### THE TASK
Without reproducing any image, print the listing below exactly.

***** GIVEN INFORMATION

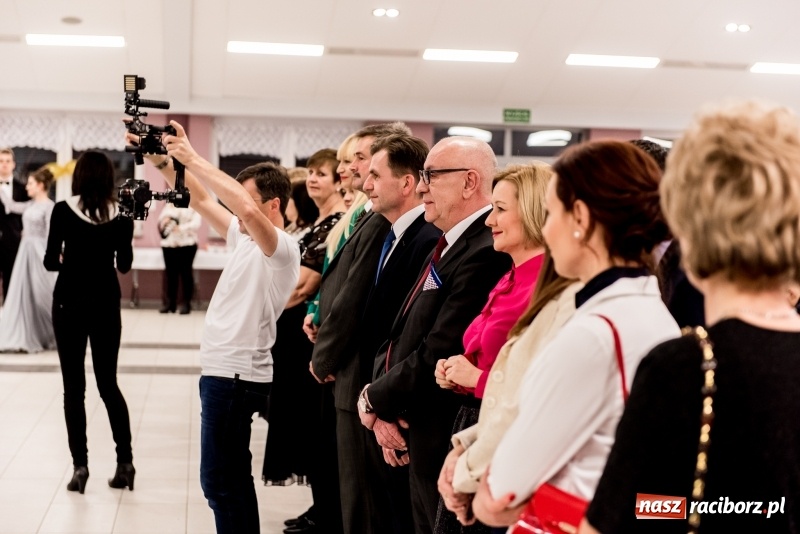 Zdjęcie w galerii na portalu naszraciborz.pl: Studniówki 2018. Pierwszego poloneza zatańczyli maturzyści ZSOMS FOTO i WIDEO wiadomości z regionu
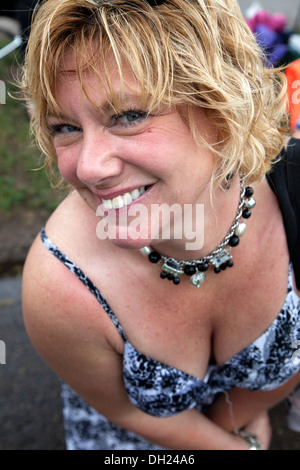 La donna in un bikini top godendo pienamente se stessa. Grand Old Day Festival St Paul Minnesota MN USA Foto Stock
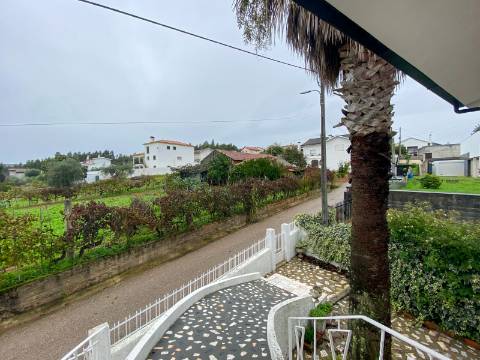 Moradia T3, em Almalaguês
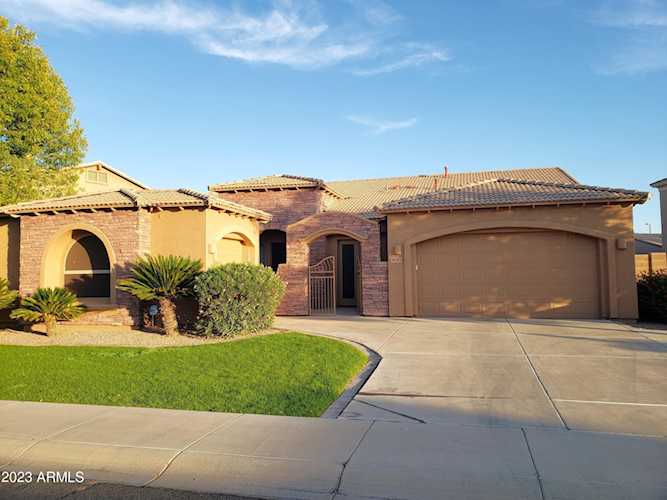 3045 S Colonial St Gilbert, AZ 85295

**********

### WRITTEN REPLY
 Zdjęcie w galerii na portalu naszraciborz.pl: Studniówki 2018. Pierwszego poloneza zatańczyli maturzyści ZSOMS FOTO i WIDEO wiadomości z regionu
 La donna in un bikini top godendo pienamente se stessa. Grand Old Day Festival St Paul Minnesota MN USA Foto Stock
 Moradia T3, em Almalaguês
 3045 S Colonial St Gilbert, AZ 85295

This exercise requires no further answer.